++++ Recorded data

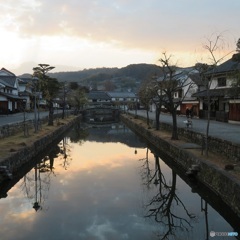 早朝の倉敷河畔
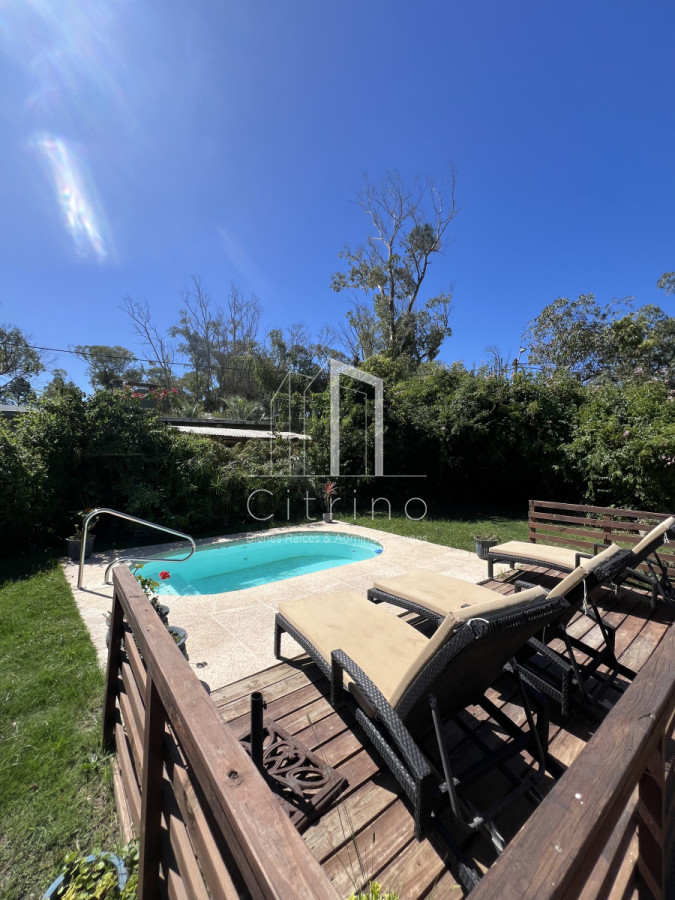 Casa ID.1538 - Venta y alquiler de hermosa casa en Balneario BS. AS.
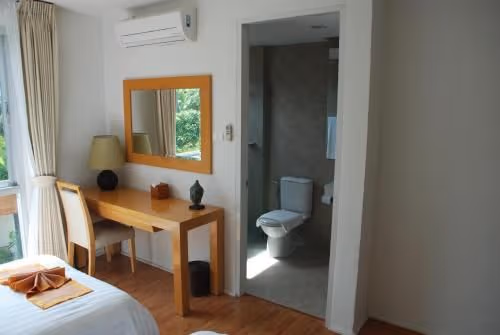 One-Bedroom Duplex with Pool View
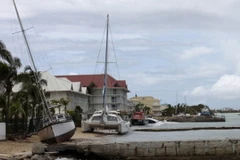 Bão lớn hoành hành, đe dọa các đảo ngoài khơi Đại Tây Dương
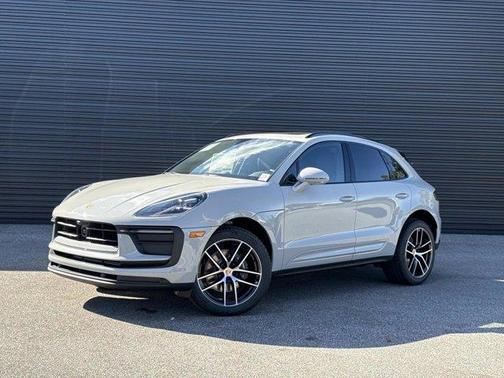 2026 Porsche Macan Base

++++++++
++++ Recorded data

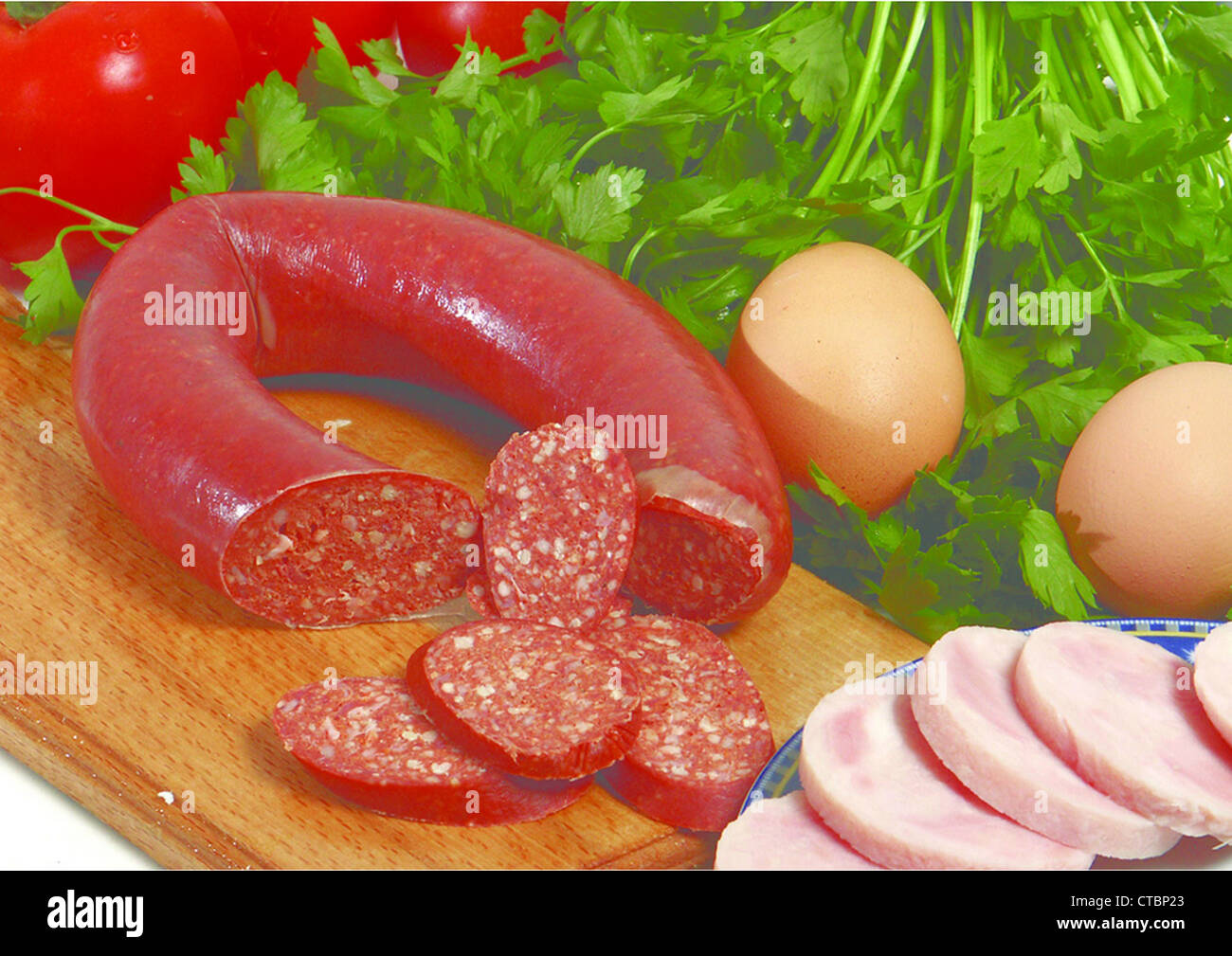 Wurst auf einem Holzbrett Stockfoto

++++++++

→ Task instructions:
Reproduce the listing above only between the lines holding "Bão lớn hoành" and "2026 Porsche Macan Base", inclusive. Every line must match exactly, and pictures are dropped.

→ Solved exercise:
 Bão lớn hoành hành, đe dọa các đảo ngoài khơi Đại Tây Dương
 2026 Porsche Macan Base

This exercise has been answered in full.